De son côté, Mgr Thomas Wenski, archevêque de Miami, une ville qui a historiquement accueilli une grande part des migrants cubains et des Américains d’origine cubaine, a déclaré à l’agence de presse catholique CNA, que «Cuba, tout comme Haïti, le Nicaragua et le Venezuela, est sur le point de devenir un État en faillite». Ses habitants manquent de carburant et de nourriture et le pays n’a pas la capacité de «représenter une menace réelle pour les États-Unis». «Plus de 500’000 Cubains sont venus aux États-Unis ces derniers mois et leur présence n’a pas suscité de craintes accrues de terrorisme. (…) Il faut espérer que le retrait de la liste des États soutenant le terrorisme incitera le régime cubain à libérer ses milliers de prisonniers politiques», a-t-il ajouté.

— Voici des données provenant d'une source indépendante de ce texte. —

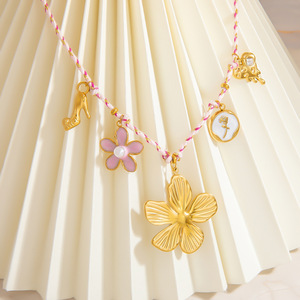 Collar con Colgante de Flor, Cadena de Acero Inoxidable Chapada en Oro, Joyería Hecha a Mano para Uso Diario, Cadena para Clavícula para Mujer, XL31339 - Product Image 1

Selon Human Rights Watch, plus d’un millier de personnes à Cuba répondent à la définition de prisonniers politiques. L’Église catholique a déjà plaidé par le passé pour la libération de prisonniers. En 2010, Raul Castro, alors président, avait négocié avec la hiérarchie catholique la libération d’un peu plus de 130 prisonniers politiques. Et en février 2023, un envoyé du pape François avait demandé à La Havane la libération des manifestants emprisonnés.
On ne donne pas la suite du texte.